In the data below, find the line with "Figura 122. Reforestación" and output it along with every later line, exactly, but not the pictures.

**Provided entries:**
════════════════════

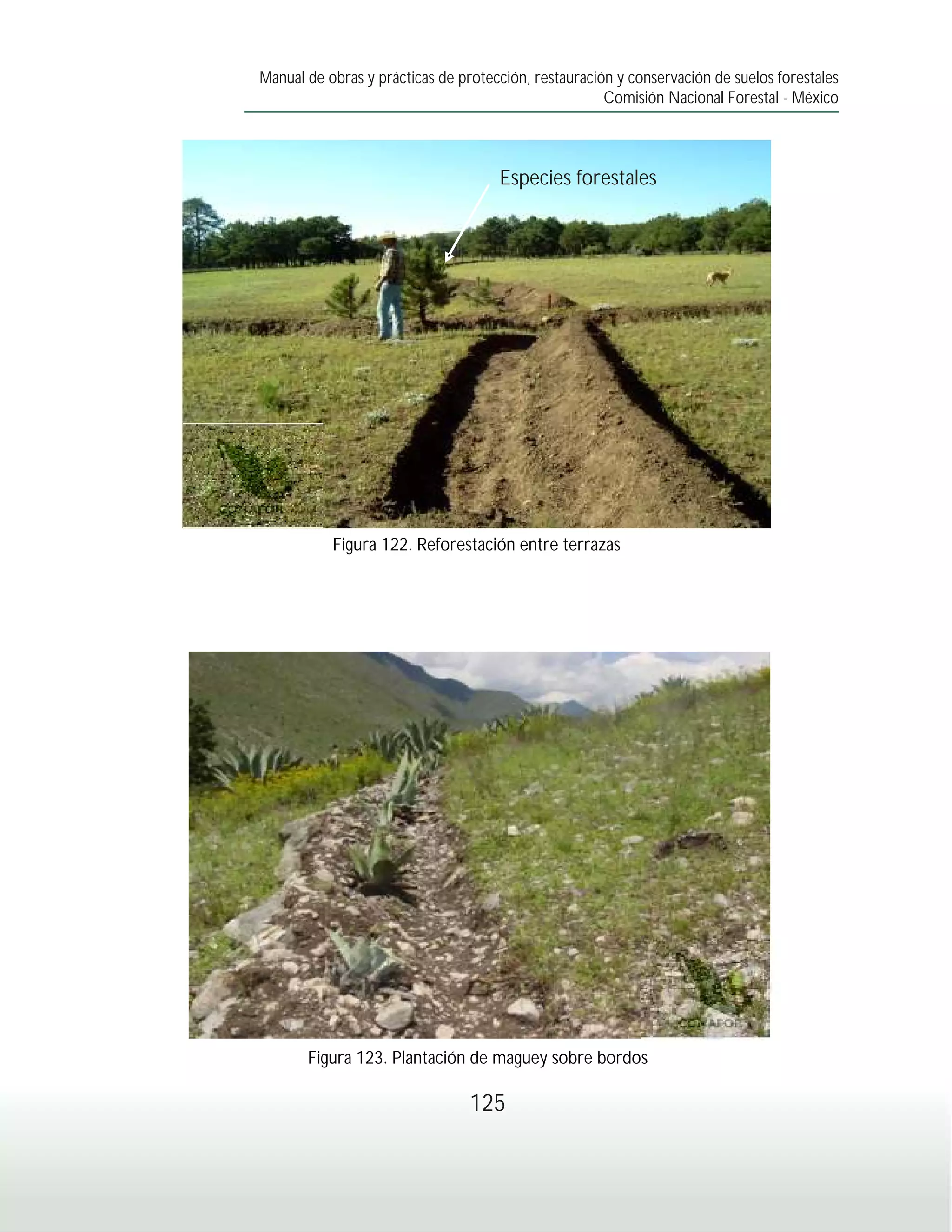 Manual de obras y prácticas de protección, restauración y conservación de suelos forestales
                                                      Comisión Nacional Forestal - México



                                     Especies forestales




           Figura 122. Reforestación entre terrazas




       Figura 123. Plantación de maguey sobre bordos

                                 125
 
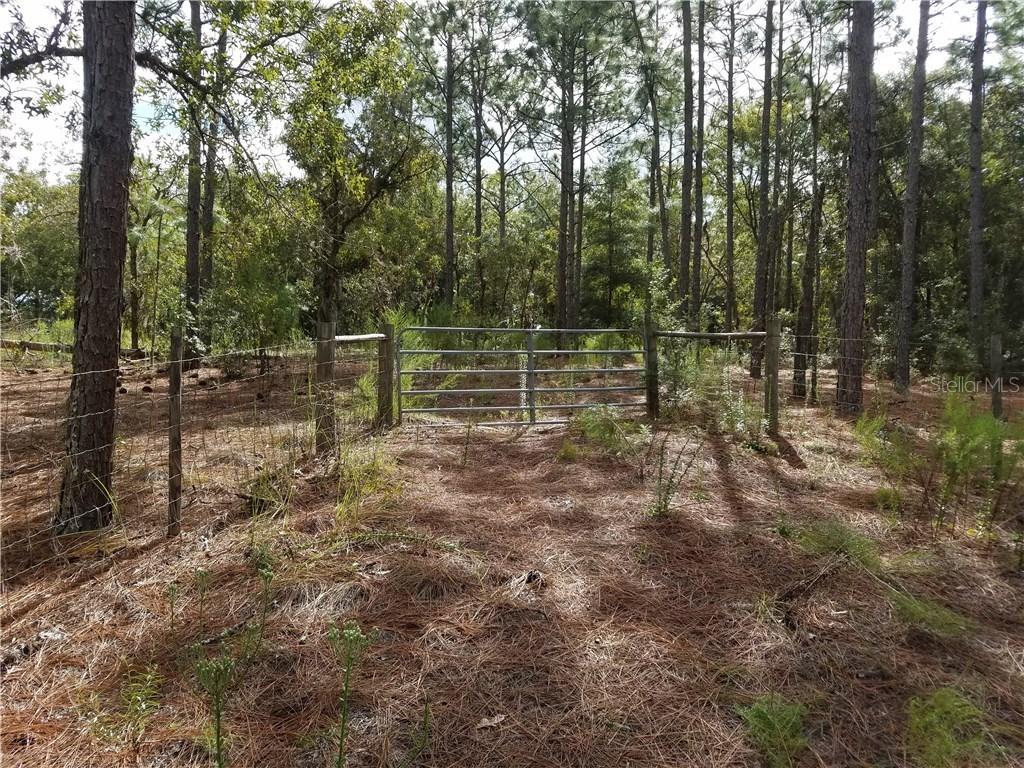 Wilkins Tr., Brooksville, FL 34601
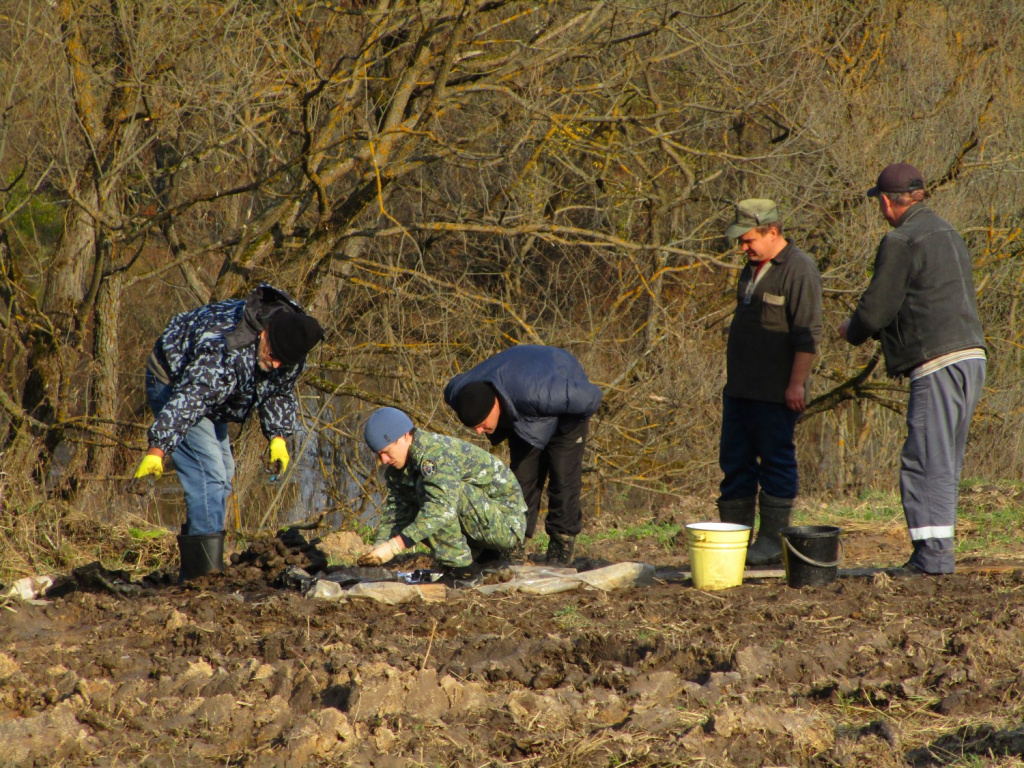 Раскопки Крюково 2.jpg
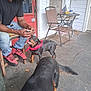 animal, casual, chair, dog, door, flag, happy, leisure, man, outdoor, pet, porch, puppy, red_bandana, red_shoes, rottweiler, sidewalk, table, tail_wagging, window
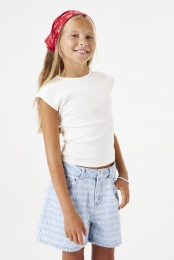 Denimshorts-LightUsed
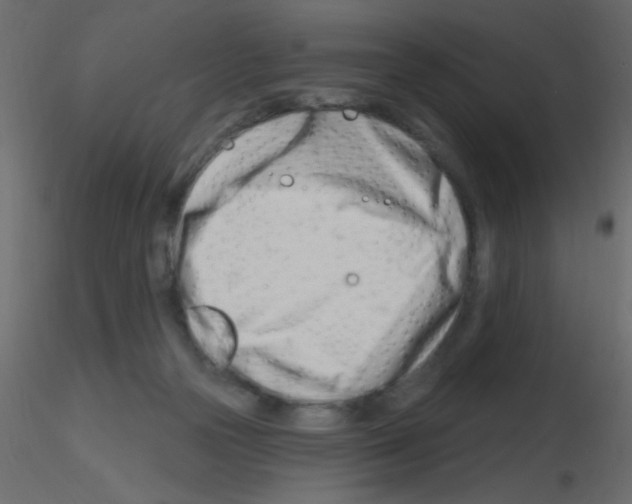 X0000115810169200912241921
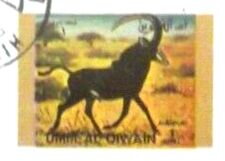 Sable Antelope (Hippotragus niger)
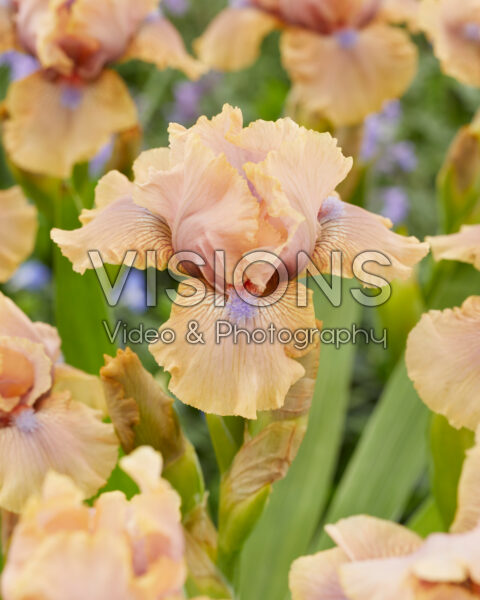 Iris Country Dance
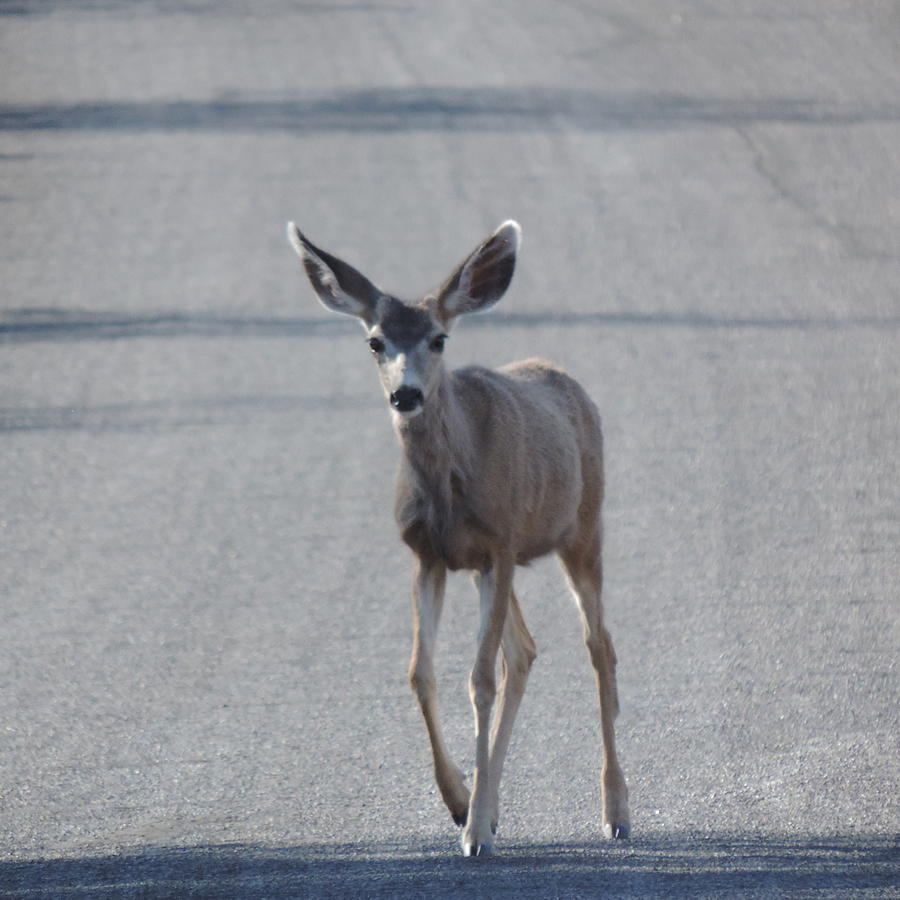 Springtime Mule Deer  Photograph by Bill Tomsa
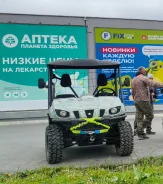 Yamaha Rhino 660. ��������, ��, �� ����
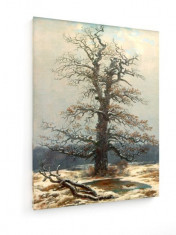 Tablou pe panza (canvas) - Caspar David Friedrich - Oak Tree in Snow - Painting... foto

════════════════════

**Task response:**
           Figura 122. Reforestación entre terrazas




       Figura 123. Plantación de maguey sobre bordos

                                 125
 
 Wilkins Tr., Brooksville, FL 34601
 Раскопки Крюково 2.jpg
 animal, casual, chair, dog, door, flag, happy, leisure, man, outdoor, pet, porch, puppy, red_bandana, red_shoes, rottweiler, sidewalk, table, tail_wagging, window
 Denimshorts-LightUsed
 X0000115810169200912241921
 Sable Antelope (Hippotragus niger)
 Iris Country Dance
 Springtime Mule Deer  Photograph by Bill Tomsa
 Yamaha Rhino 660. ��������, ��, �� ����
 Tablou pe panza (canvas) - Caspar David Friedrich - Oak Tree in Snow - Painting... foto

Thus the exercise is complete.